Exercise goal: Your task is to retype, exactly and only, the lines from the one containing "The range is called" to the final line of the entries, leaving out all pictures.

Saved data entries:

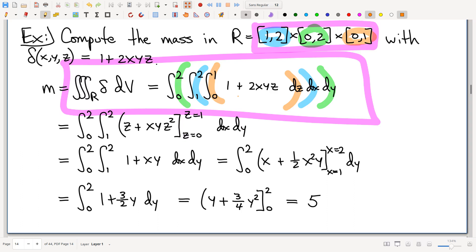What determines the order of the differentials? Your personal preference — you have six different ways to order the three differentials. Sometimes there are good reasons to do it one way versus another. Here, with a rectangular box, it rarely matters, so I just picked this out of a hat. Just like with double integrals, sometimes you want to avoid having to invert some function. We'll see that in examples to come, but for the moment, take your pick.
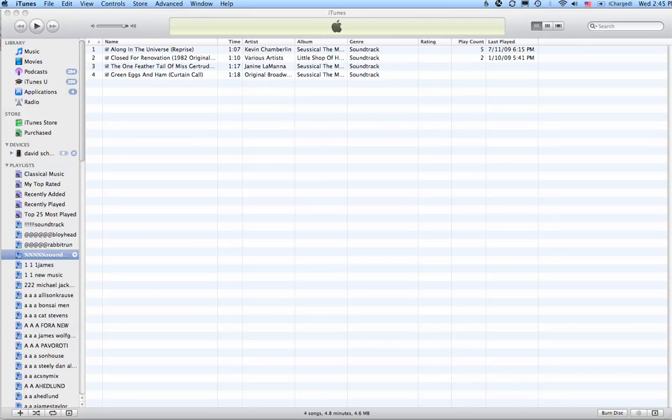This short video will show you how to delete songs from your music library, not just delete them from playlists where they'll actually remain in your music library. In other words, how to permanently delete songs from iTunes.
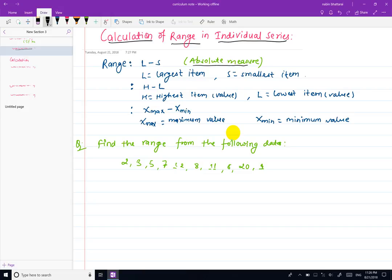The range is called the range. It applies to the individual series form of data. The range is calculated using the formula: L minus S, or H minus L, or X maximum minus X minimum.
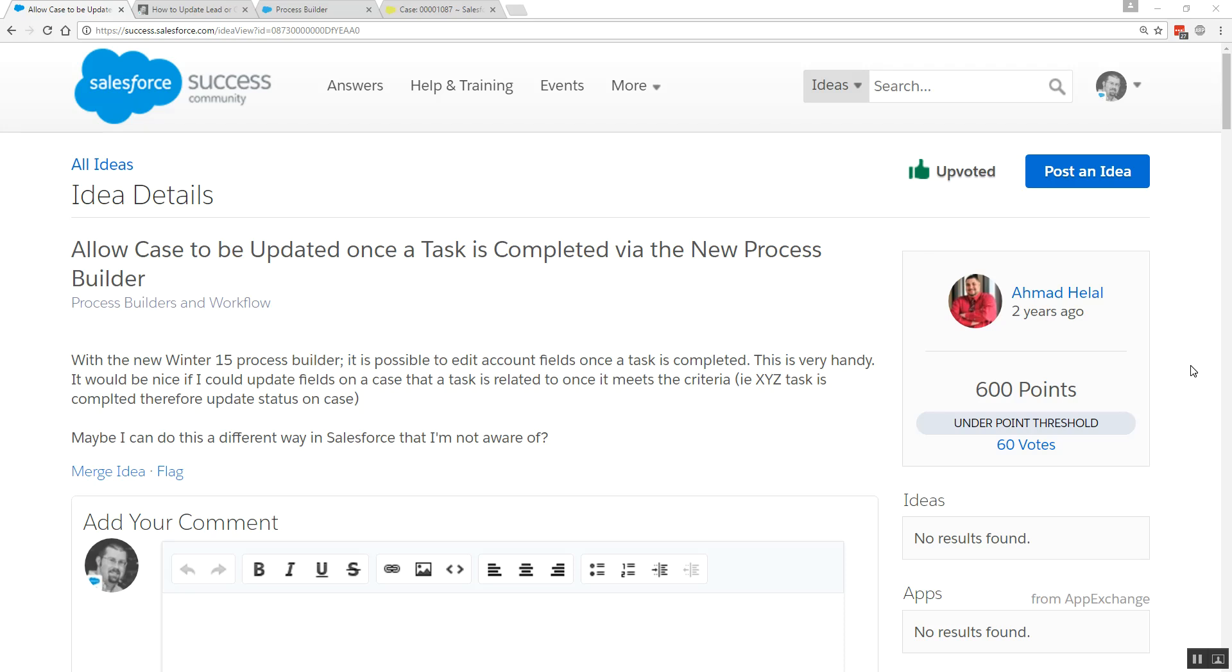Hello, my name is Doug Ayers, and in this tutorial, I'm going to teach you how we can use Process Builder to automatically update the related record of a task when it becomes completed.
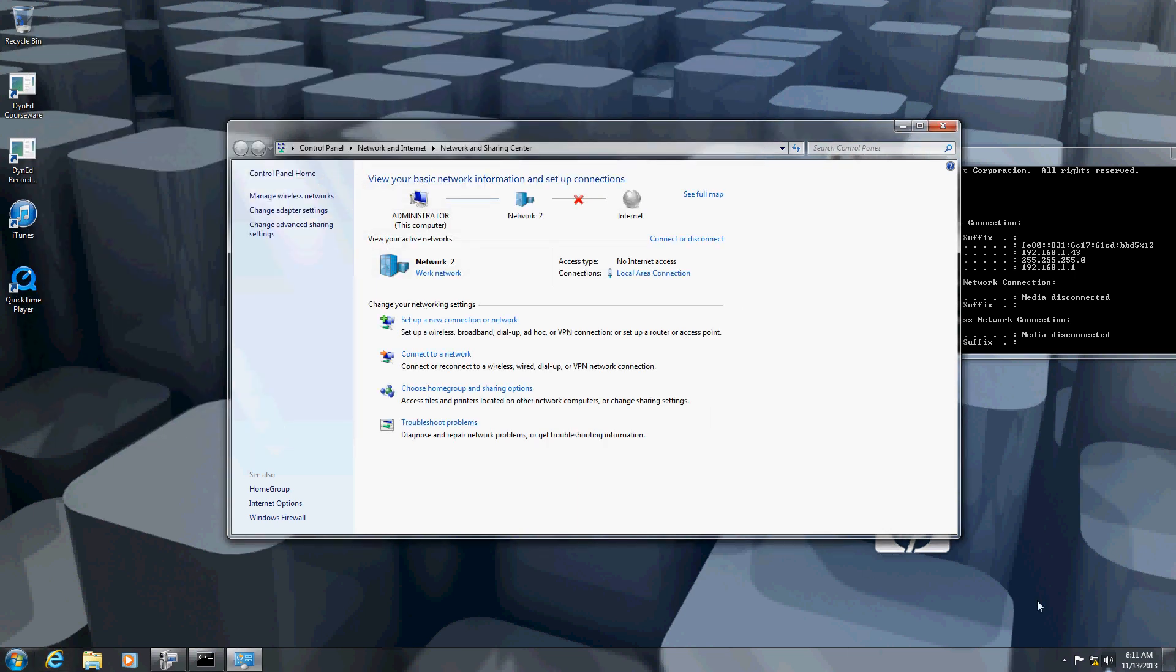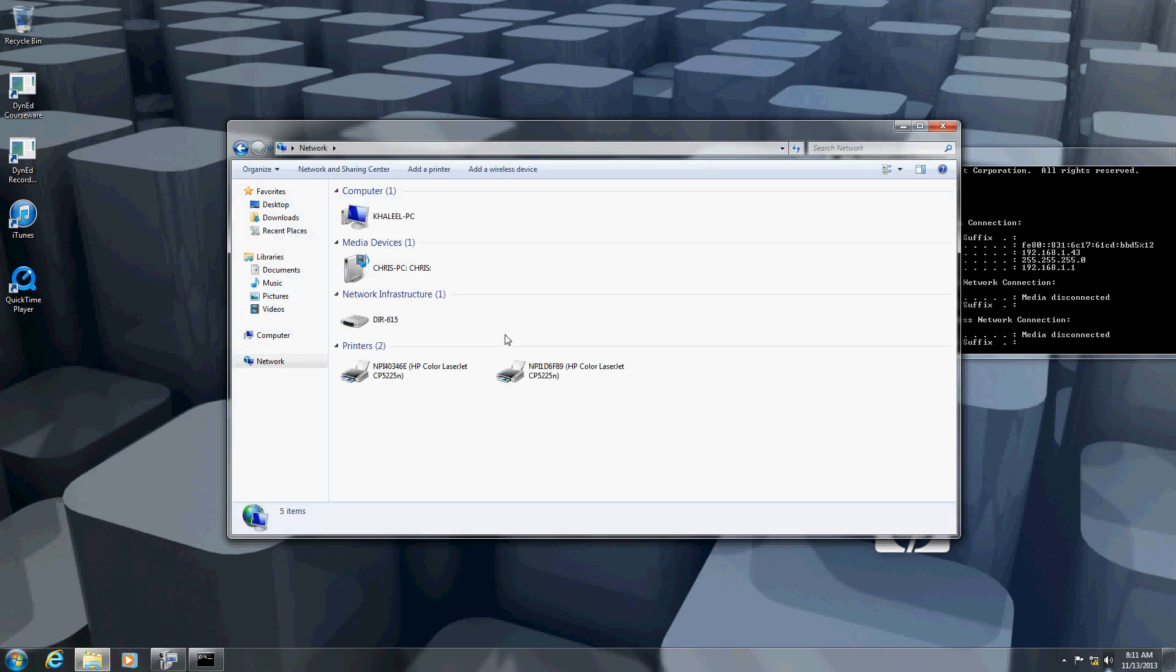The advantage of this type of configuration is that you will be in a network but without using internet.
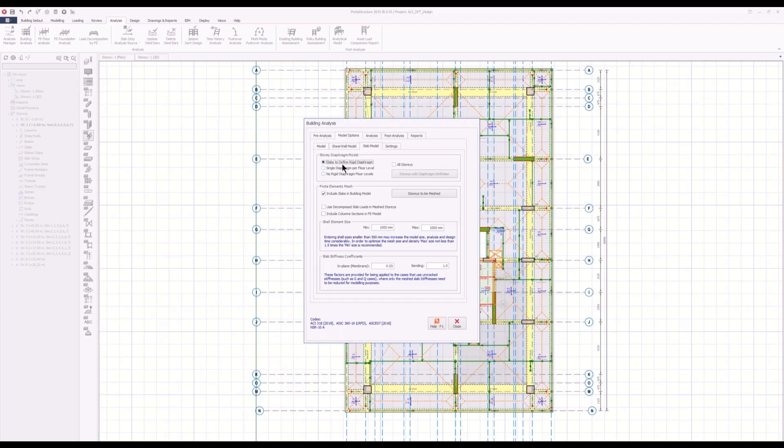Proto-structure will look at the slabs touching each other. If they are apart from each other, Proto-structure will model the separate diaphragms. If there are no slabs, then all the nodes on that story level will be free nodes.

The completed task:
The range is called the range. It applies to the individual series form of data. The range is calculated using the formula: L minus S, or H minus L, or X maximum minus X minimum.
Hello, my name is Doug Ayers, and in this tutorial, I'm going to teach you how we can use Process Builder to automatically update the related record of a task when it becomes completed.
The advantage of this type of configuration is that you will be in a network but without using internet.
Proto-structure will look at the slabs touching each other. If they are apart from each other, Proto-structure will model the separate diaphragms. If there are no slabs, then all the nodes on that story level will be free nodes.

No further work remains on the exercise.